Stray beyond Barcelona and you’ll find that Catalonia has some delightful spots for the adventurous boater hoping to make the most out of the Med
Calas near Llafranc
Cape Sant Sebastiàn has a lighthouse above the sea and two miles further north you can anchor in Cala Tamariu’s steep-sided bay, with a blissful beach and pretty village at its head.
Cala de Fornells is a paradise anchorage near a tiny private harbour tucked into the cliffs. There are sandy beaches and you can nudge into the harbour’s peaceful vibes with the dinghy. Around the mini-quays are piles of fishing nets and enviable studio apartments.

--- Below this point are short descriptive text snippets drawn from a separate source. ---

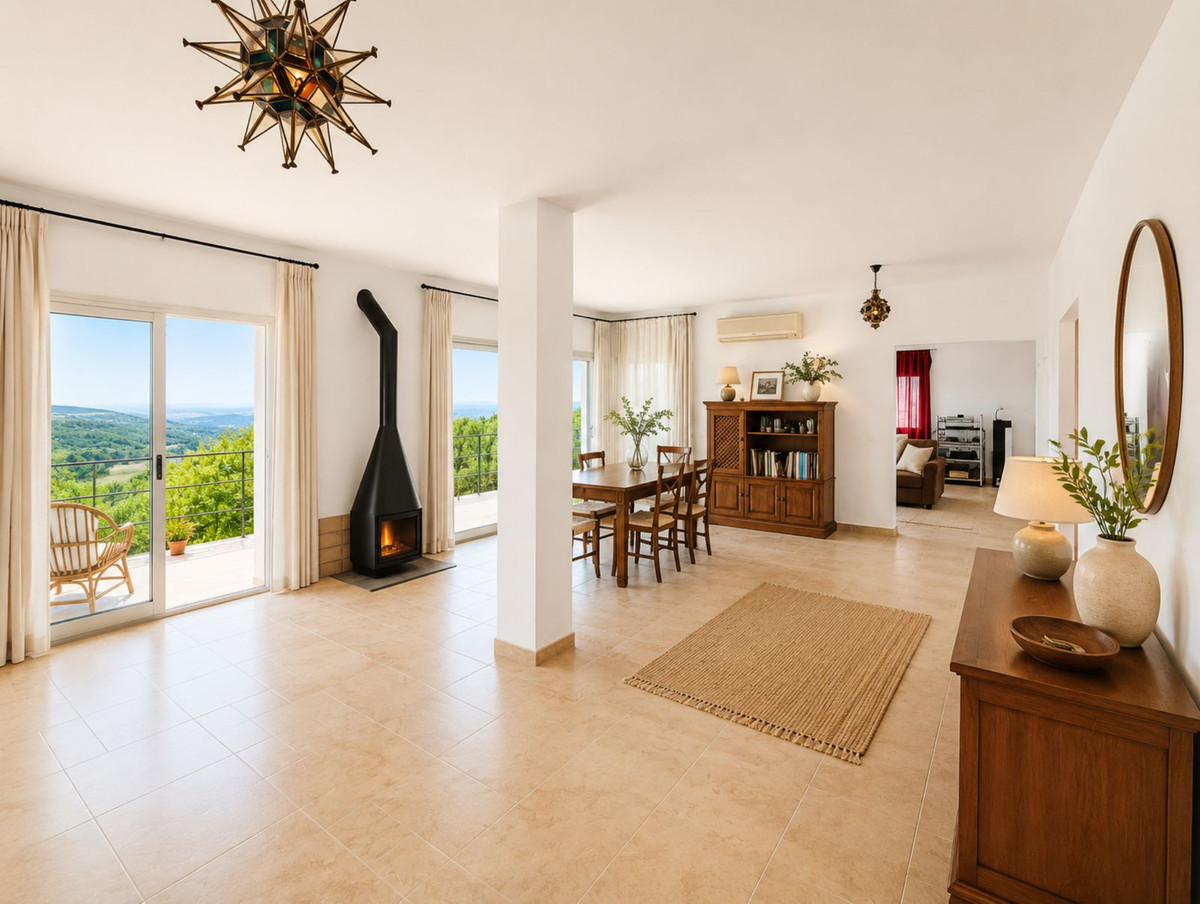 Penthouse Duplex te koop in Gaucín | 8 slaapkamers H5432068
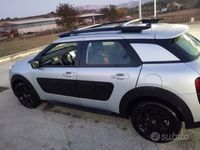 usata Citroën C4 Cactus BlueHDi 100 S&S Live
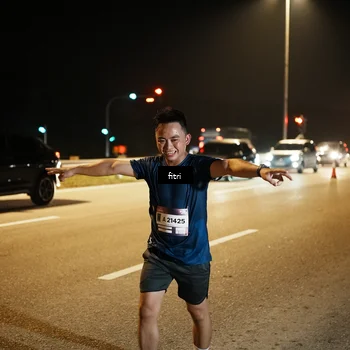 Runner Photo 7493420
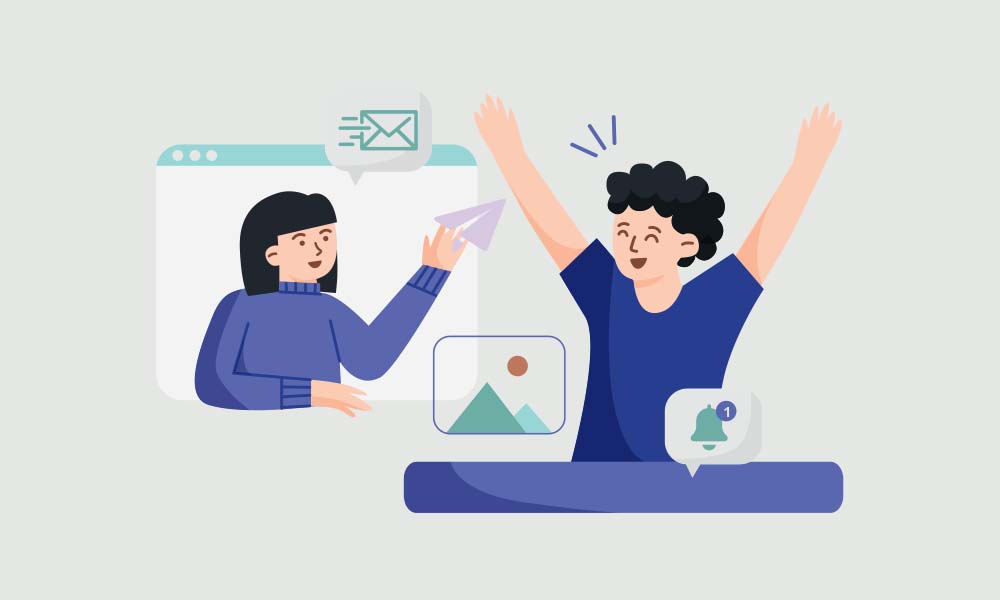 Unlimited illustrations design for startups, for a flat monthly fee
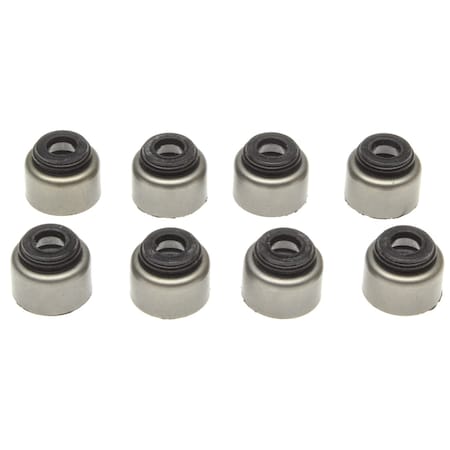 Mahle Engine Valve Stem Oil Seal Set, SS45937A SS45937A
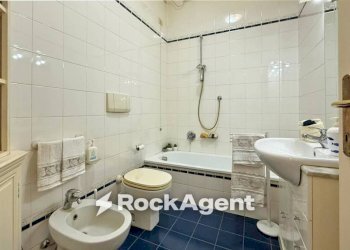 Bagno - Trilocale via Sant'Ambrogio, 34, Viareggio - foto 22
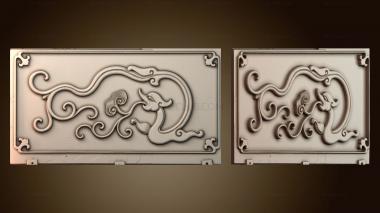 3D мадэль DVN_0894 (STL)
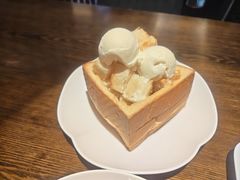 -粗茶淡饭·隐庐私厨(东亭店)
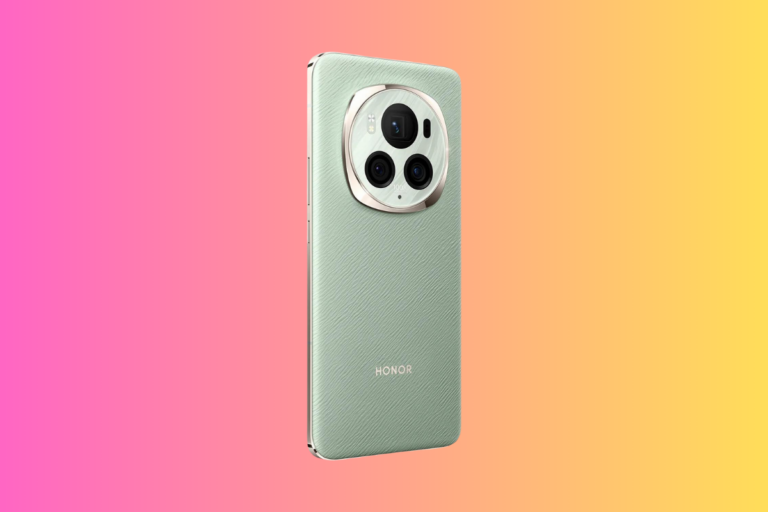 Honor Magic 6 Pro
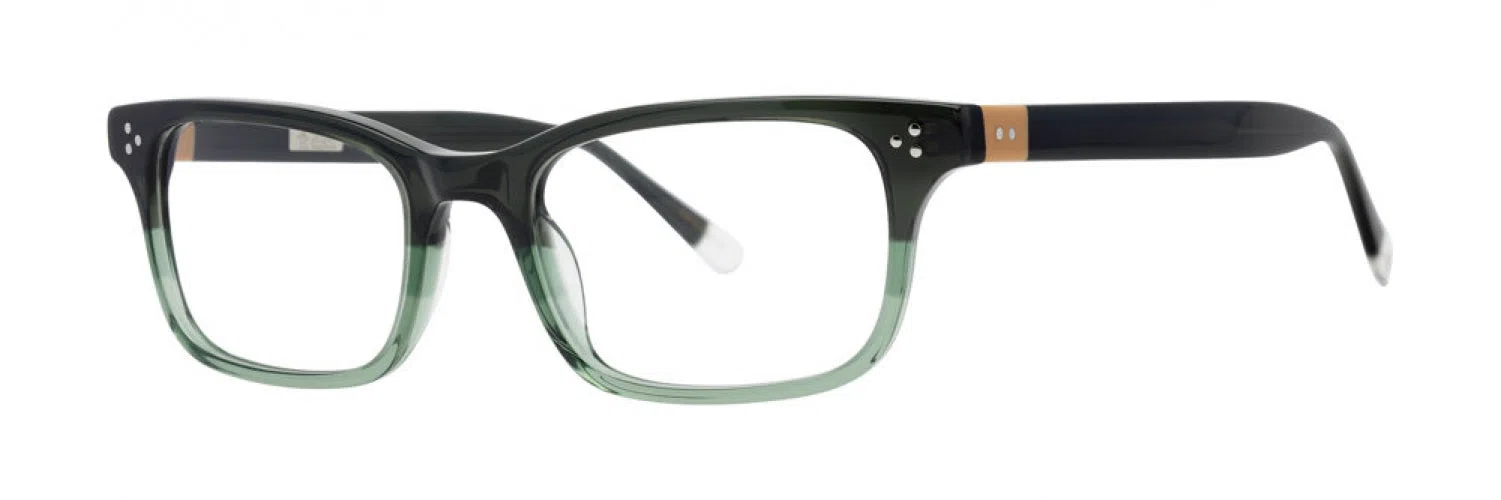 Original Penguin The Trainer Eyeglasses - view 2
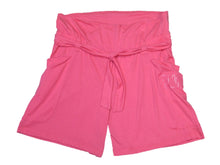 Zumba Belted Shorts Style 139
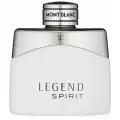 Туалетная вода Montblanc Legend Spirit, мужская, древесные ноты, 50мл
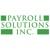 Payroll Solutions Inc. logo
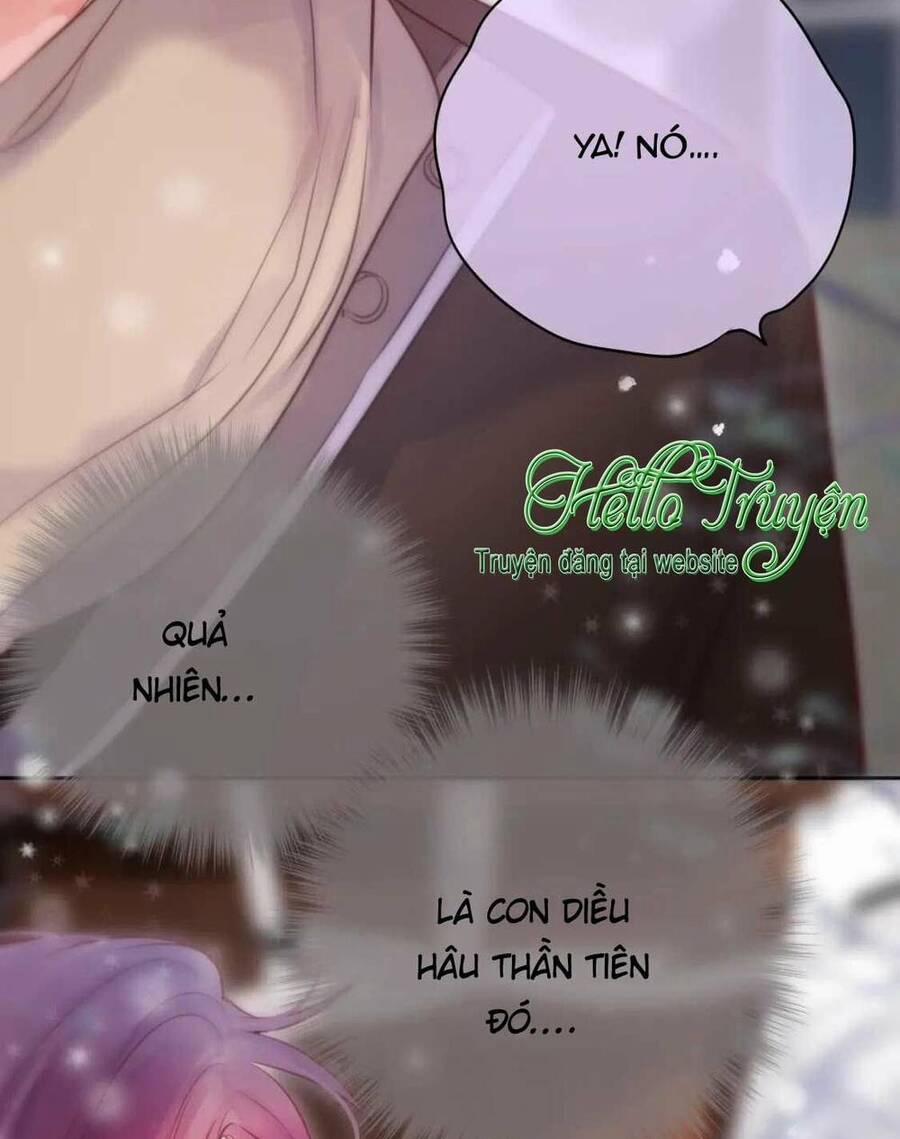 Cạm Bẫy Của Hồ Ly 62 trang 28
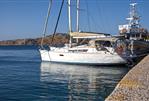 Jeanneau Sun Odyssey 36i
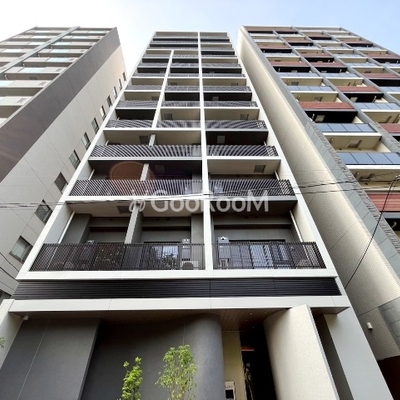 
						プライムメゾン錦糸町  外観4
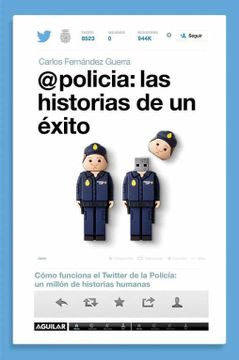 portada @Policia: Las Historias de un Exito (in Spanish)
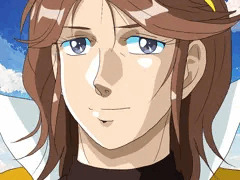 ガ・キーン　花月舞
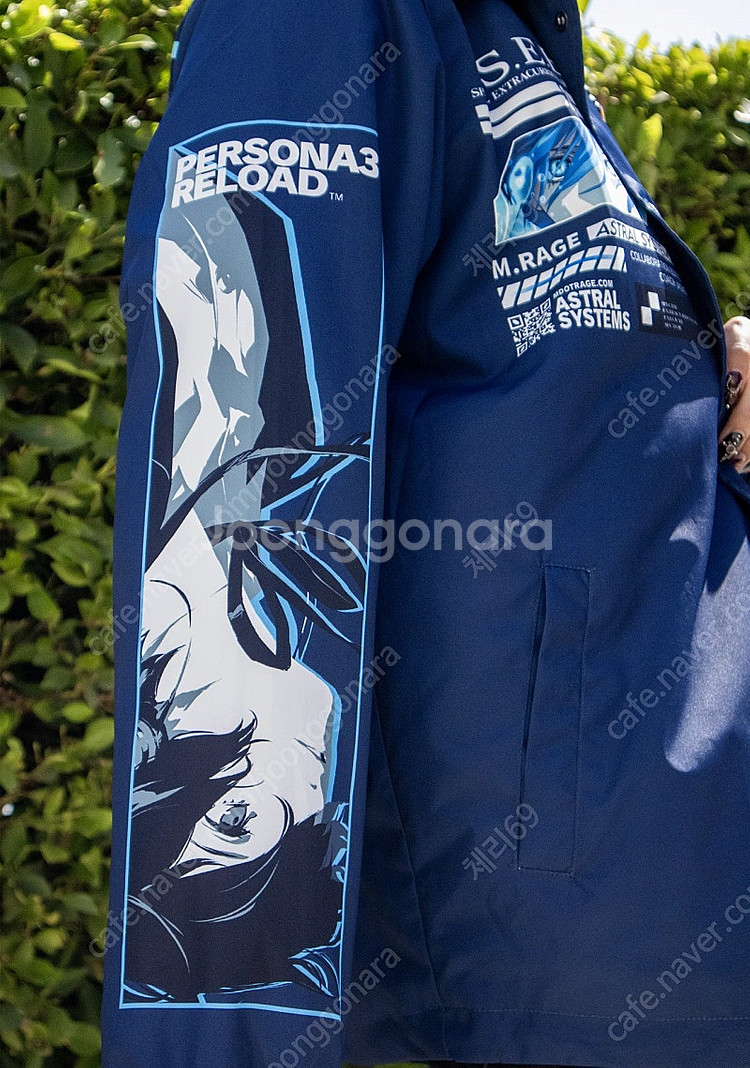 페르소나3,진여신전생3,5,비디오 걸,메탈기어 솔리드3,길티기어 굿즈--6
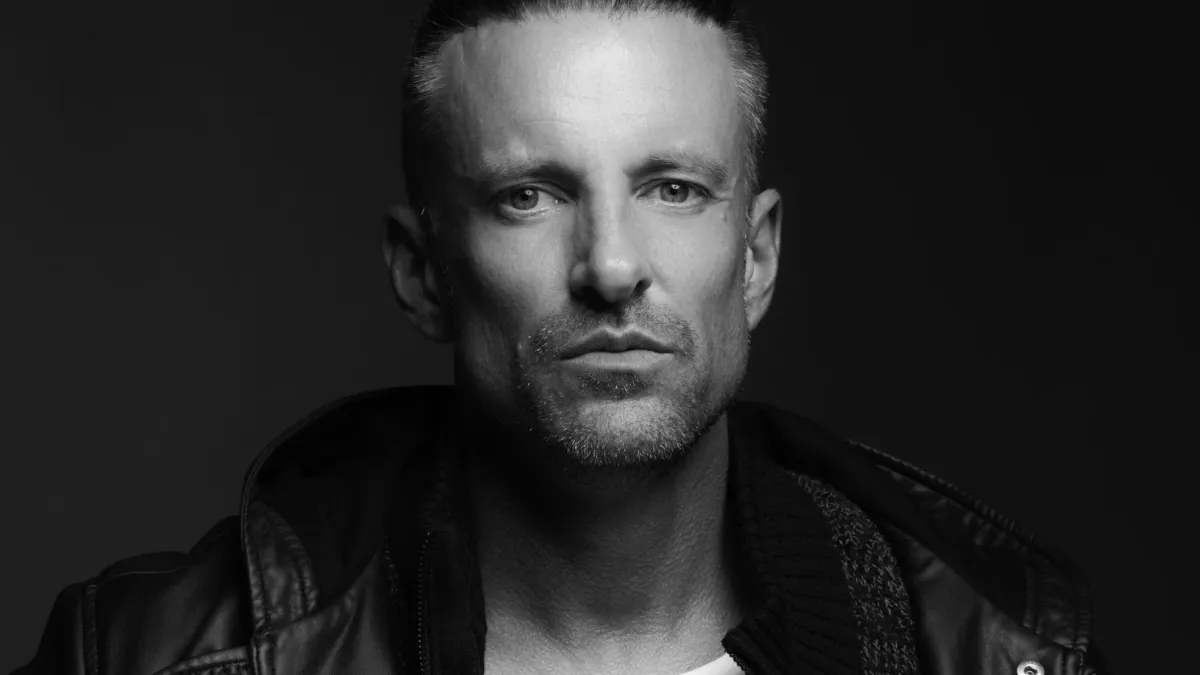 Daniel Powter in Philadelphia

A white clustered village adorns the head of the Cala de Sa Tuna bay (pictured below), with boats pulled up on the beach. You anchor outside some moorings, with views past the village to steep wooded hills. Ashore you can eat well at the Hostal Sa Tuna.
An ideal base after exploring these calas, Puerto de L’Estartit is sheltered, spacious and enclosed by lush green slopes. The pleasant town is handy but not too close.
Small fishing boats putter in and out, giving the harbour a gentle feeling of purpose. Glass-bottomed ferries moor along the quay, ready to take tourists out to the steep rugged islands just offshore.